Brief
Repeat the data in full and exactly. Leave the pictures out.

Extracted data
□ □ □ □

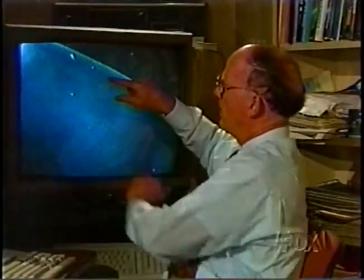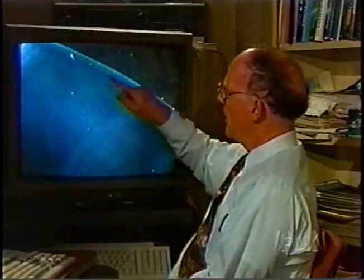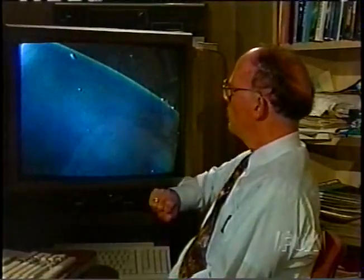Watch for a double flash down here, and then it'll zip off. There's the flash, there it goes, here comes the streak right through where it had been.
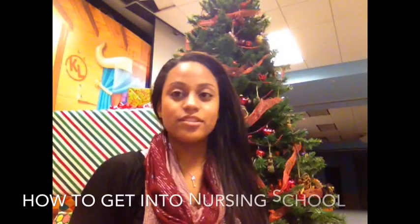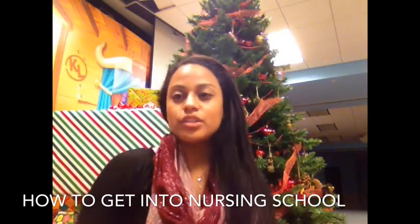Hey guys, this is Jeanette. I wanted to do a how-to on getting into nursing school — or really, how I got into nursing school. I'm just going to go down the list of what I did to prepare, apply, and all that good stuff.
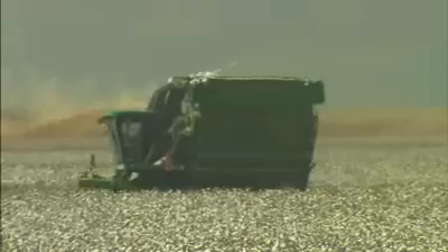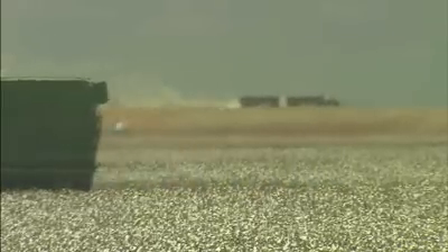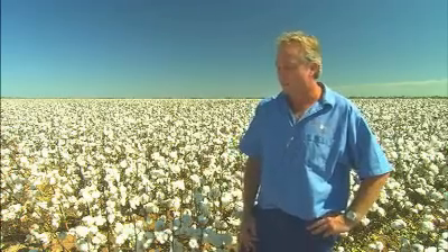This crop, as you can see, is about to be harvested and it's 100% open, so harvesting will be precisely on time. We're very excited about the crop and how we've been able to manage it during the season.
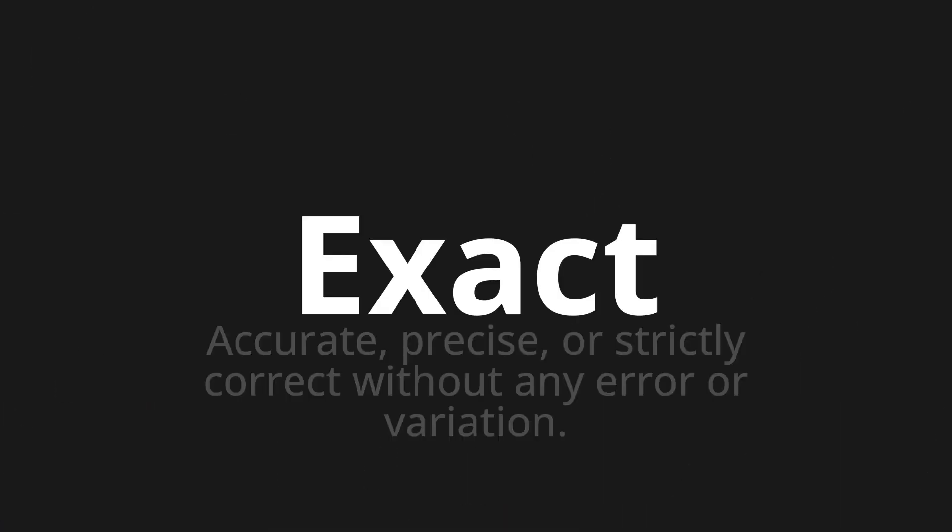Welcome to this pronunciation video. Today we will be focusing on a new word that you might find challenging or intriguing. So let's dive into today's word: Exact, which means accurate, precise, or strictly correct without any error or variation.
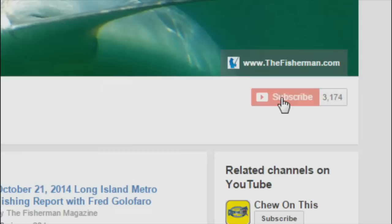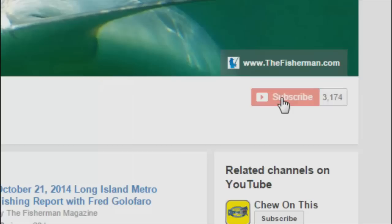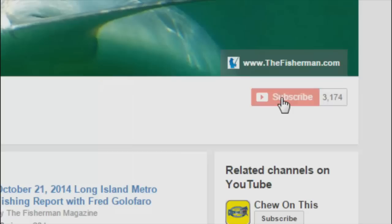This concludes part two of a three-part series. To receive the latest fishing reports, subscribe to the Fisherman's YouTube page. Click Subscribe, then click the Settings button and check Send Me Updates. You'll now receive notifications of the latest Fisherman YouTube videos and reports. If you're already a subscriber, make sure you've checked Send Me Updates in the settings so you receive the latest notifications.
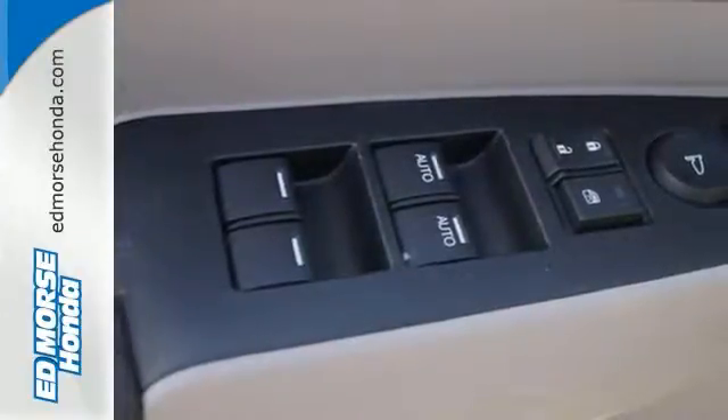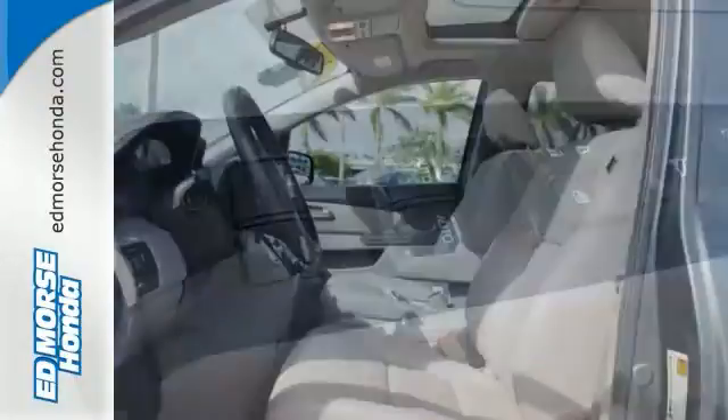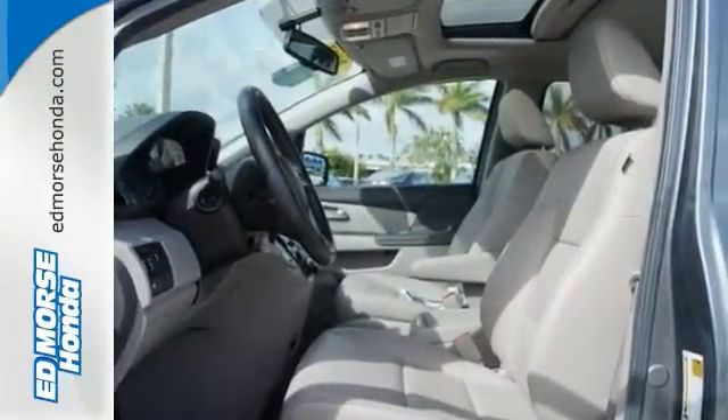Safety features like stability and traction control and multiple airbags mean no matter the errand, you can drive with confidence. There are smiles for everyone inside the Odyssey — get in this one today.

□ □ □ □

Worked solution
Watch for a double flash down here, and then it'll zip off. There's the flash, there it goes, here comes the streak right through where it had been.
Hey guys, this is Jeanette. I wanted to do a how-to on getting into nursing school — or really, how I got into nursing school. I'm just going to go down the list of what I did to prepare, apply, and all that good stuff.
This crop, as you can see, is about to be harvested and it's 100% open, so harvesting will be precisely on time. We're very excited about the crop and how we've been able to manage it during the season.
Welcome to this pronunciation video. Today we will be focusing on a new word that you might find challenging or intriguing. So let's dive into today's word: Exact, which means accurate, precise, or strictly correct without any error or variation.
This concludes part two of a three-part series. To receive the latest fishing reports, subscribe to the Fisherman's YouTube page. Click Subscribe, then click the Settings button and check Send Me Updates. You'll now receive notifications of the latest Fisherman YouTube videos and reports. If you're already a subscriber, make sure you've checked Send Me Updates in the settings so you receive the latest notifications.
Safety features like stability and traction control and multiple airbags mean no matter the errand, you can drive with confidence. There are smiles for everyone inside the Odyssey — get in this one today.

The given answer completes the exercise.